● **ABOUT THIS TASK**
Your output must be the lines below from the line containing "A4 Double Sided" to the line containing "Чехол Transformer Ring", both lines included, reproduced exactly and without pictures.

● **DATA FOR THE TASK**
* * *

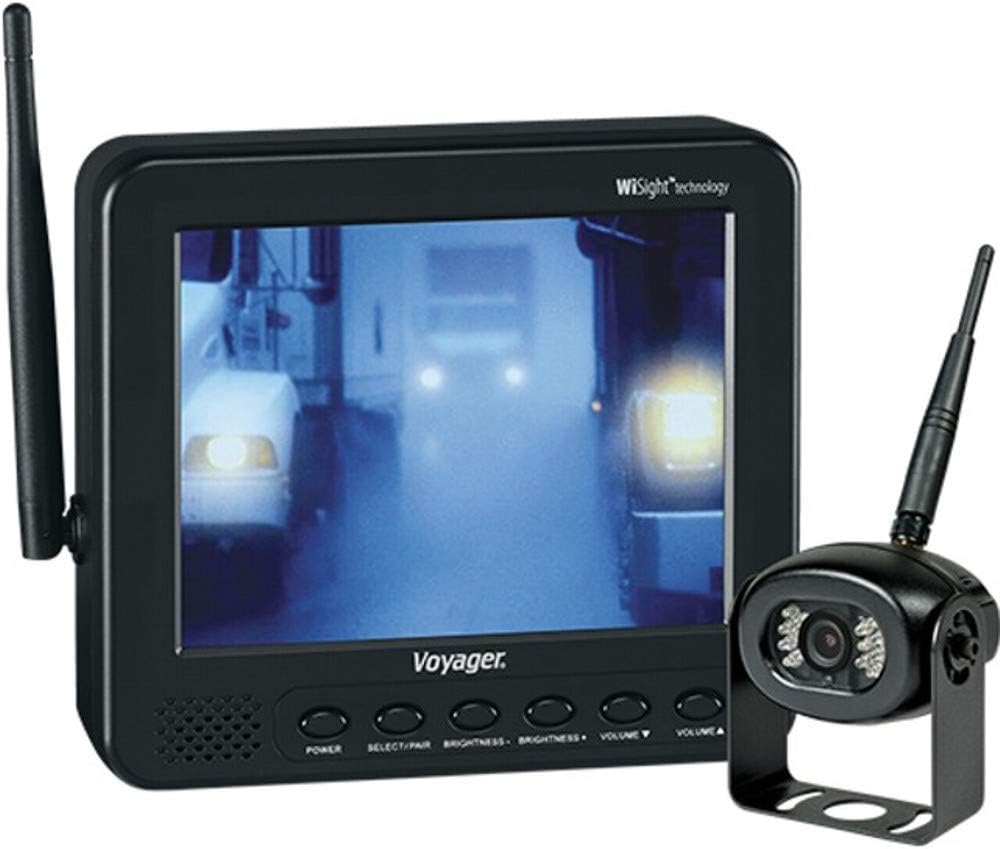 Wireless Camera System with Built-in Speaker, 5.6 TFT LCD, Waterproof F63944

* * *

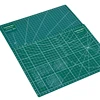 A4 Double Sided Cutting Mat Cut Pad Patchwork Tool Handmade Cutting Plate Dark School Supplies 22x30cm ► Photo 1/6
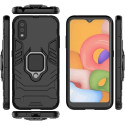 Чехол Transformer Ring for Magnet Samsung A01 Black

* * *

● **OUTPUT OF THE EXERCISE**
 A4 Double Sided Cutting Mat Cut Pad Patchwork Tool Handmade Cutting Plate Dark School Supplies 22x30cm ► Photo 1/6
 Чехол Transformer Ring for Magnet Samsung A01 Black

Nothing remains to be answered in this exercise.